A CCG has rowed back on an instruction to primary care networks (PCNs) that they should stop claiming funding for Covid vaccination staff hired under the additional roles reimbursement scheme (ARRS).
NHS North Central London CCG said that it sent the instruction in error, but failed to clarify to Pulse the reason for the mistake.
GP leaders said the CCG’s ‘demands’ for funding to be returned was ‘not a professional approach’, especially while practices remain under pressure to deliver vaccines while also providing core services.
On 23 July, PCN clinical directors were told in an email from the CCG that ‘PCNs should not be claiming for [ARRS] staff either wholly or partly working their core hours in vaccination sites’.
The email, seen by Pulse, added: ‘We have been asked to reject these claims as it is not a valid use of the funding.
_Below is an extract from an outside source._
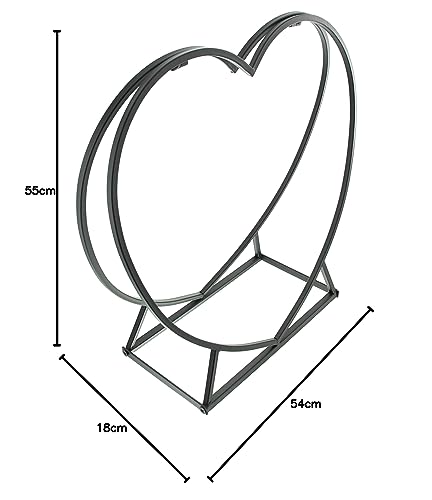 FRANK FLECHTWAREN fireplace log holder in heart shape, fireplace wood holder, fireplace log basket, heart shaped fireplace wood rack, wedding gift, romance, Valentine, 55 x 18 x 54 cm.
The vaccination site staff are funded by the IOS [item of service] fees.’
Pulse understands PCNs who had already had funding claims approved would have seen the money clawed back from April 2021 onwards.
However, an NHS England spokesperson told Pulse last week (5 August) that the CCG has since altered its stance.
A spokesperson for the CCG added that the initial email was sent in error.
A statement made by NHS North Central London CCG said: ‘The CCG would like to clarify the position on Additional Roles Reimbursement Scheme (ARRS) staff supporting the vaccination programme.
‘Staff funded via ARRS, from the NCL ARRS allocation, are able to be fully deployed onto the vaccination programme. There will be no claw back of the funding.’
Dr Tina Agrawal, joint chair of Camden LMC, said: ‘It is a shame to see this lapse in the constructive discourse that LMCs, practices and commissioners have worked to sustain since the start of the pandemic.
‘Bypassing dialogue and going straight to sending demands for claw-back is not a professional approach, particularly at a time when practices remain under immense pressure from Covid and the pent-up demand for routine care created during the pandemic.’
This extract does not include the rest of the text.